Scraped caption text data:
■ ■ ■ ■ ■ ■ ■

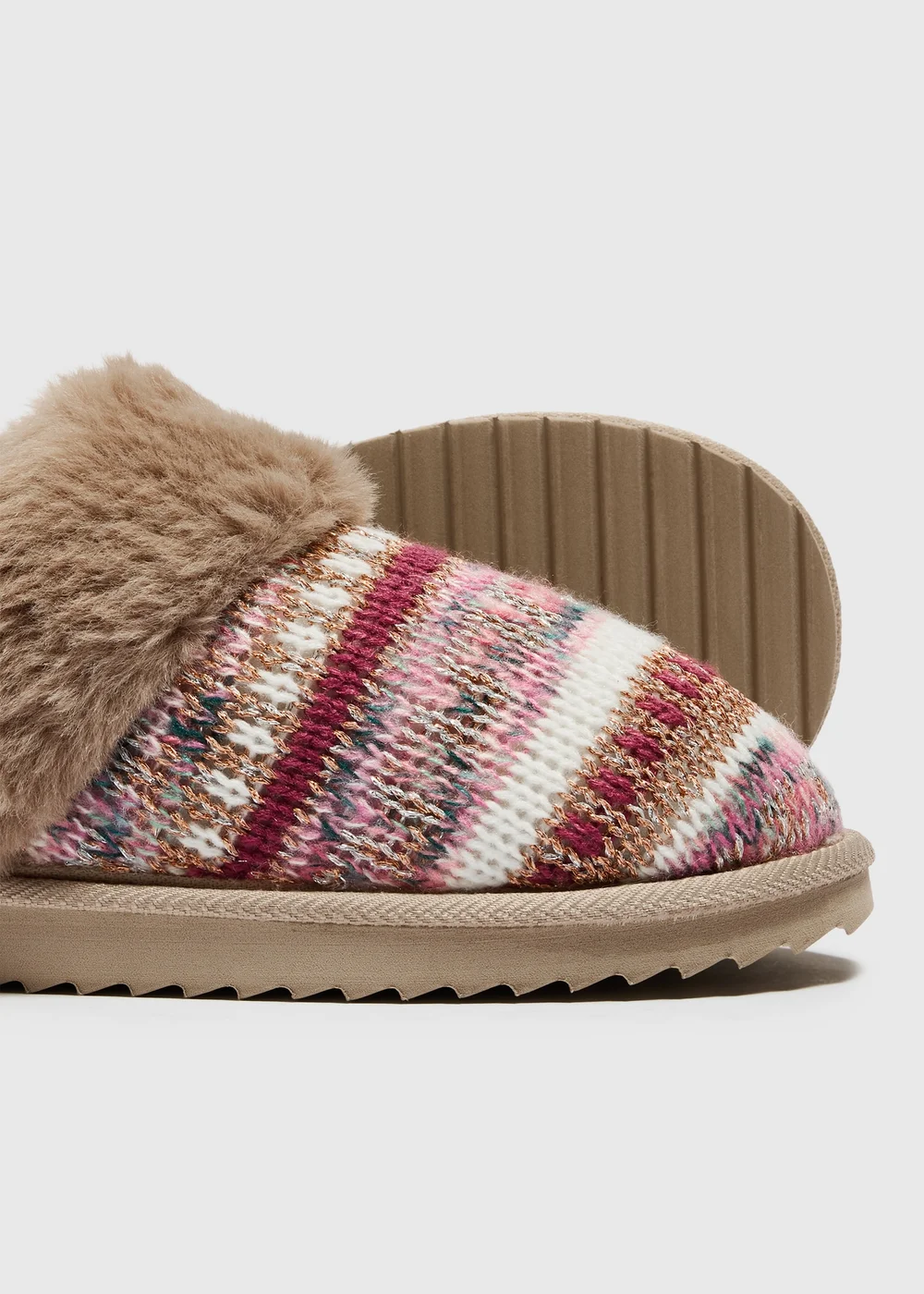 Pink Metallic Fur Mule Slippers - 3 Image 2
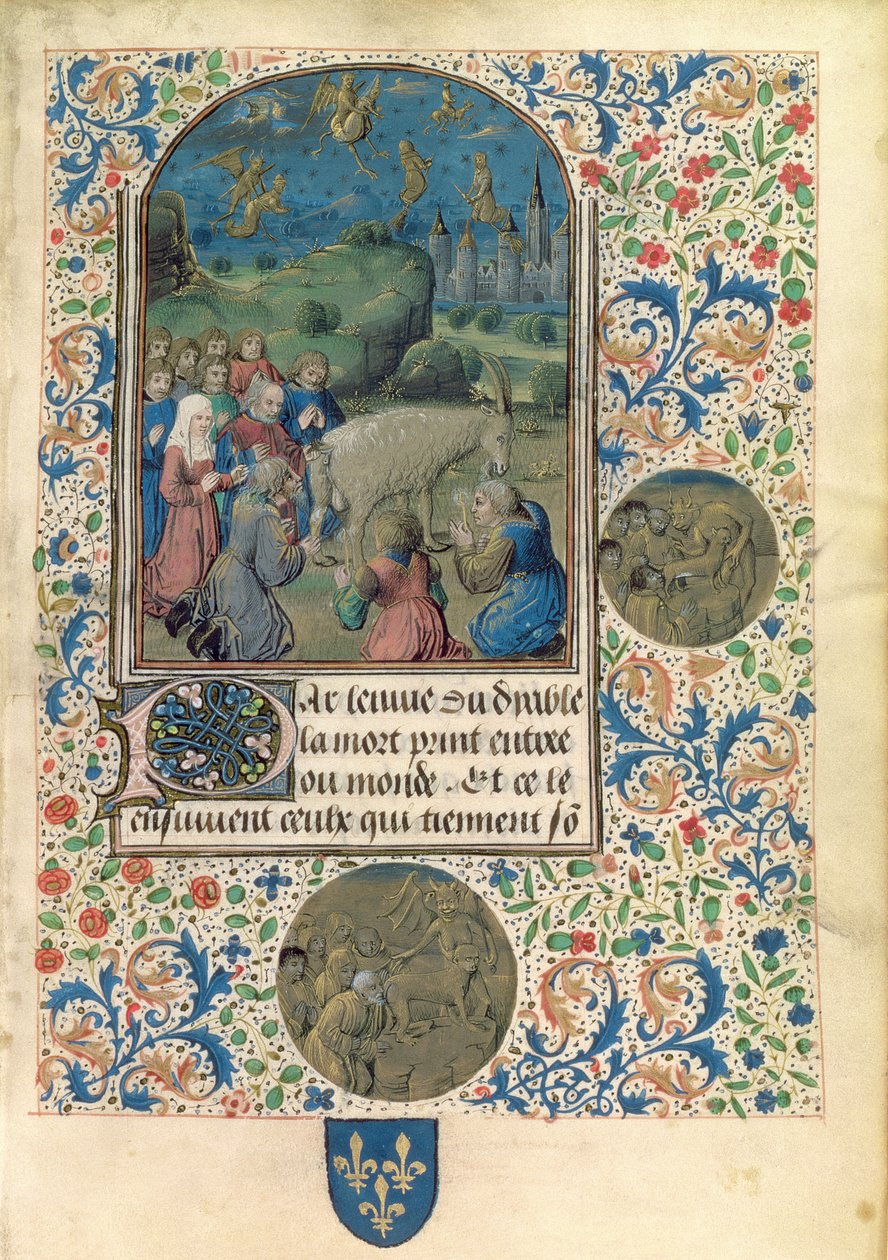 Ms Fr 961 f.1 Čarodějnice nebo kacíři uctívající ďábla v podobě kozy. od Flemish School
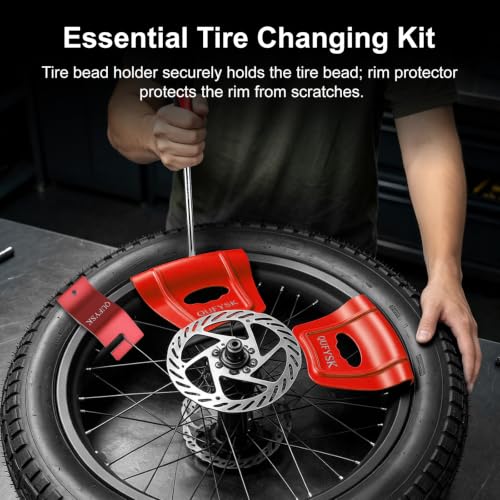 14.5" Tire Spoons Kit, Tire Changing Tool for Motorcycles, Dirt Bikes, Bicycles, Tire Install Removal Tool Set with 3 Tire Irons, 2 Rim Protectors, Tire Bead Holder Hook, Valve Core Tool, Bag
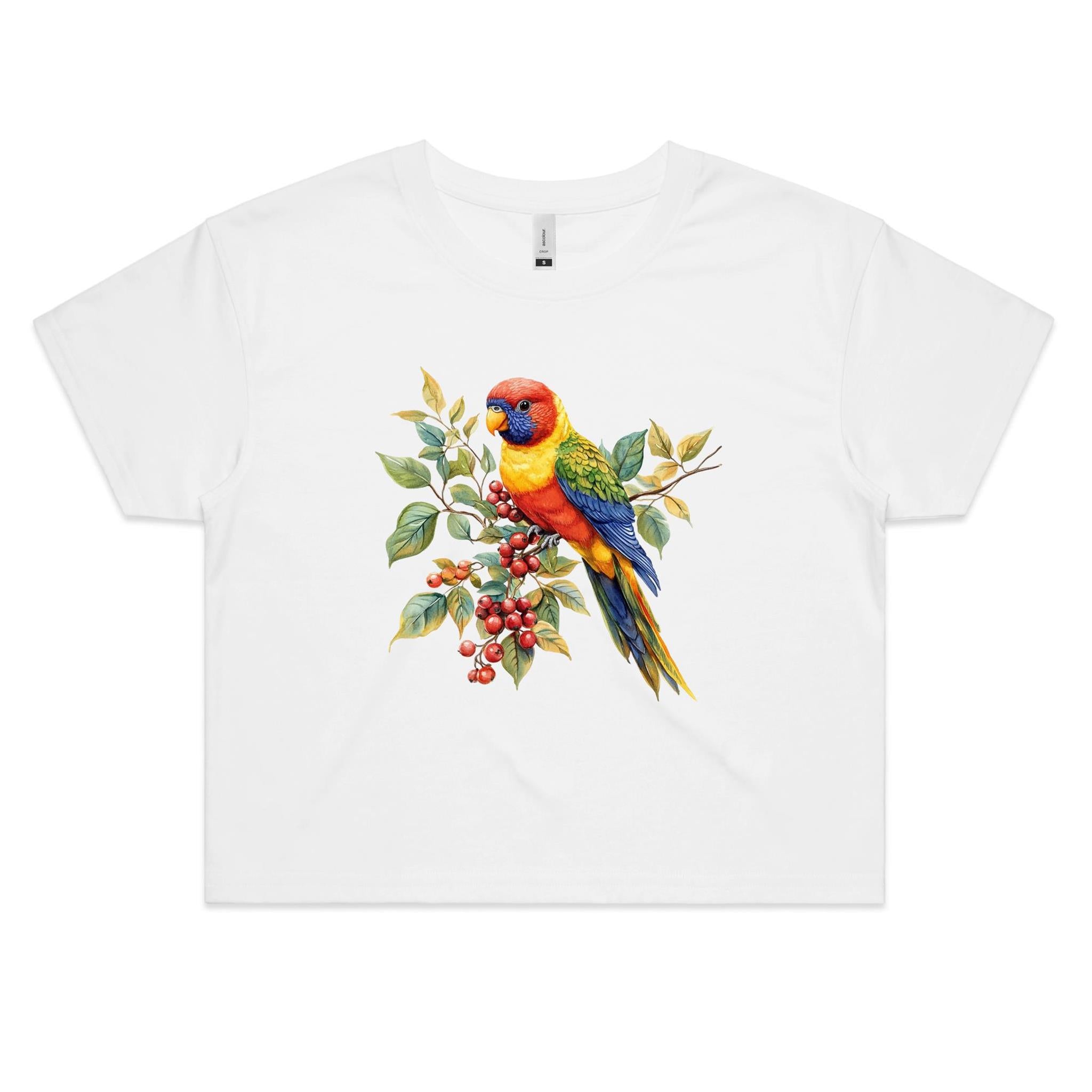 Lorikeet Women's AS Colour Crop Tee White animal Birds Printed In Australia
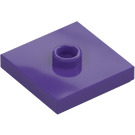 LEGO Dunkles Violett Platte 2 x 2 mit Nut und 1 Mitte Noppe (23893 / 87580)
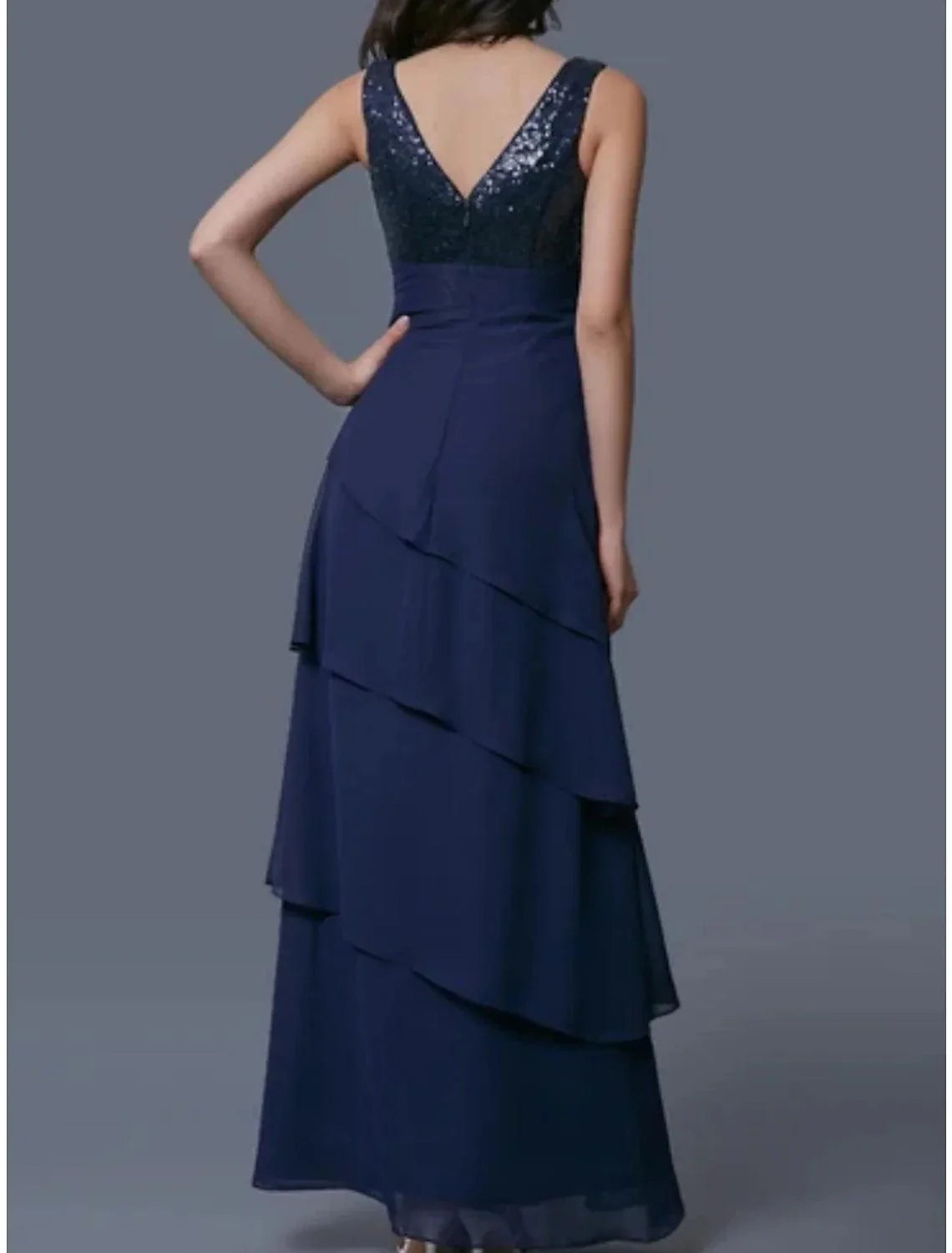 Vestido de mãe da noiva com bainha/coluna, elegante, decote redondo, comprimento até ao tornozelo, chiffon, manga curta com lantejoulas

■ ■ ■ ■ ■ ■ ■

WHAT IS BEING ASKED: Only one stretch of the entries above is needed: the lines from the one containing "Ms Fr 961 f.1" through the one containing "LEGO Dunkles Violett". Copy it exactly, without the pictures.

ANSWER TO THIS TASK:
 Ms Fr 961 f.1 Čarodějnice nebo kacíři uctívající ďábla v podobě kozy. od Flemish School
 14.5" Tire Spoons Kit, Tire Changing Tool for Motorcycles, Dirt Bikes, Bicycles, Tire Install Removal Tool Set with 3 Tire Irons, 2 Rim Protectors, Tire Bead Holder Hook, Valve Core Tool, Bag
 Lorikeet Women's AS Colour Crop Tee White animal Birds Printed In Australia
 LEGO Dunkles Violett Platte 2 x 2 mit Nut und 1 Mitte Noppe (23893 / 87580)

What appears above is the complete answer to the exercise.